Ibiki levantó las cejas, intrigado, y ella sonrió complacida al haber logrado el efecto que evidentemente deseaba. Inclinándose ligeramente hacia él, se lamió levemente los labios antes de pronunciar la palabra:

"¡Sangre!"

"No tengo reportes de que alguno de los dos fugitivos haya sido herido…" de inmediato comenzó a rebuscar los papeles en su escritorio, algo confundido con la noticia.

"No lo fueron," la nota de repentina seriedad en su voz le dio pausa. Sus ojos se encontraron. "No era un rastro lo que hallé, sino unas pocas gotas mezcladas con saliva. Olía a enfermedad… decaimiento. Sin duda uno de ellos tiene la muerte pisándole los talones." De nuevo se tocó la nariz enfatizando con ello la seguridad de sus palabras. "Mi dinero está en el Uchiha."

Ibiki se acomodó mejor en la chirriante silla, entrelazando las manos sobre su cintura. Esto sí que era información no sólo sensible, sino extremadamente valiosa. Mirando de nuevo a una satisfecha Tsume, él no pudo sino reevaluar sus impresiones respecto a la irreverente mujer a su lado. No era casual que hubiera acudido directamente a él con ese particular pedazo de información. Y una mujer como ella no necesitaba de tales excusas si lo que quería era verle para continuar con las insinuaciones de la última vez.

De nuevo, sus motivos no estaban claros y su cabeza se llenaba con un sin fin de por qués.

"¿Por qué me dices esto a mi? Pudiste declararlo con cualquier oficial…"

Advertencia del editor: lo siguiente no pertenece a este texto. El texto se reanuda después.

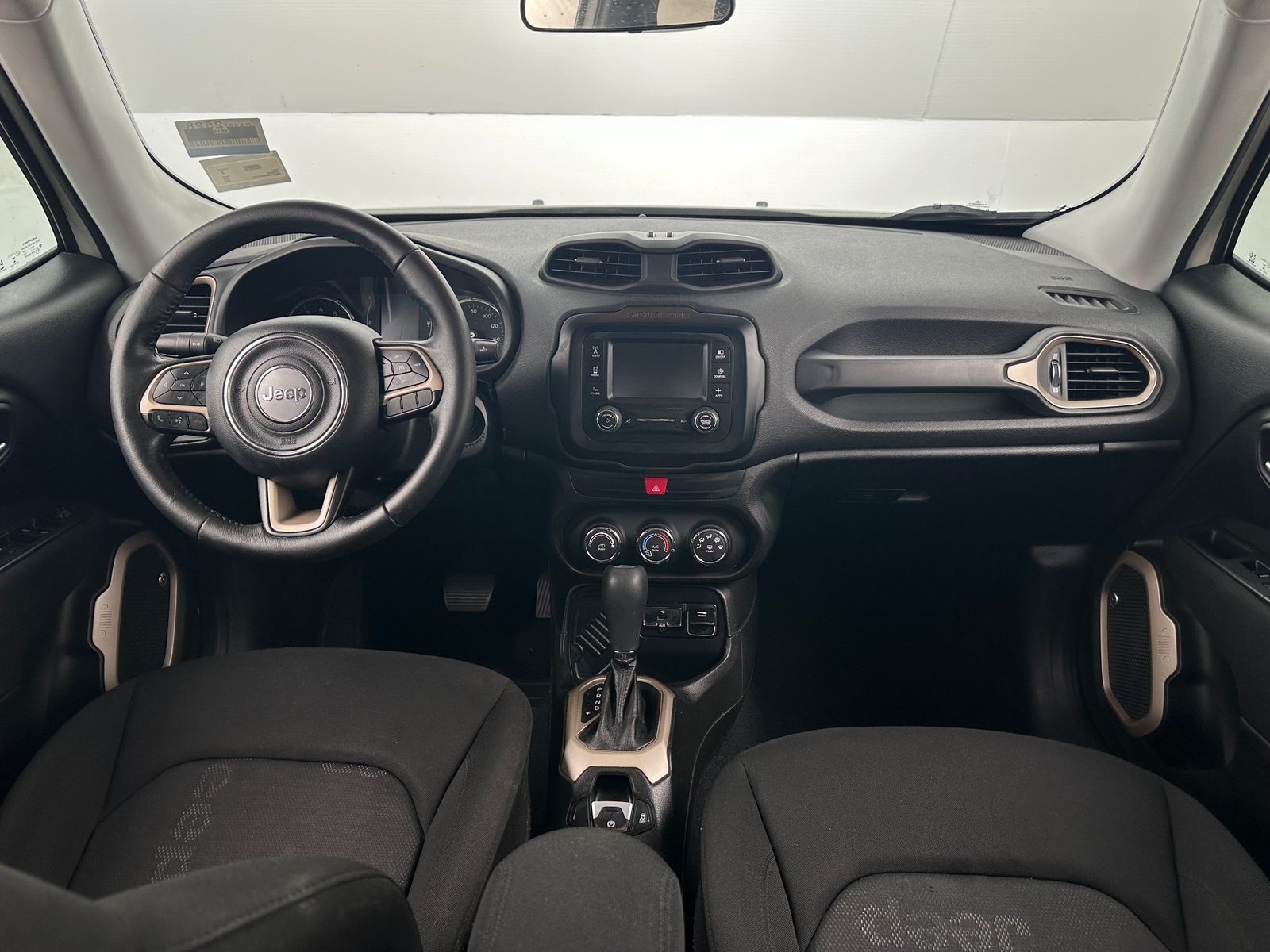 Thumbnail: 2017 Jeep Renegade - 3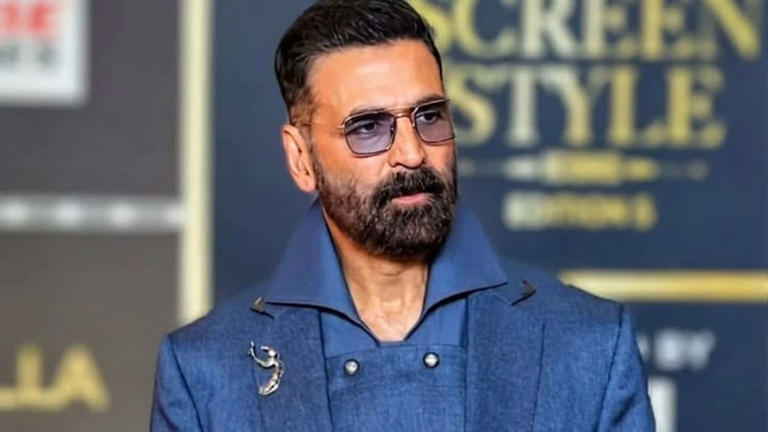 Hunterfly fff Akshay Kumar sells luxury apartments in Mumbai's Oberoi Enigma project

"Claro que pude" interrumpió, descartando su pregunta con un batir de su mano. "Pero te encuentro a ti mucho más interesante que al cara de morsa que me siguió hasta aquí."

Inclinando su cuerpo hacia él, Tsume parecía vibrar con la intensidad de un depredador a punto de dar el salto decisivo hacia su cena.

"Además no soy mujer que se echa para atrás ante un reto y realmente quiero saber que hay detrás de tu mala cara."

Ibiki pasó su lengua por sus colmillos.

"¿Y si no te gusta lo que ves?"

La respuesta a esa pregunta nunca llegaría. Era quizás un sin sentido entre ninjas de élite ponerse a comparar cicatrices y esperar que las de uno fuesen más profundas o terribles que las del otro, como si se tratase de un macabro concurso donde nunca hay ganadores. Como si ello les diese alguna justificación a sus amarguras o algún sosiego al dolor de sentirse solos rodeados de iguales. Todos tenían esqueletos guardados en el fondo del closet; no era prudente asumir que unos eran perores que otros.

Por lo pronto, lo que veía Ibiki con claridad era su propia soledad reflejada en la de ella. ¿Era eso lo que les atraía del otro? ¿Reconocer una necesidad y aprovechar la oportunidad?

Ahora, con las afiladas garras clavadas en su espalda, y los labios trancados en una lucha a muerte, era muy difícil pensar en ello con total claridad.

En cualquier caso, vivir para el momento era lo que hacía girar al mundo ninja día y noche.

¿Quién era él para negarse?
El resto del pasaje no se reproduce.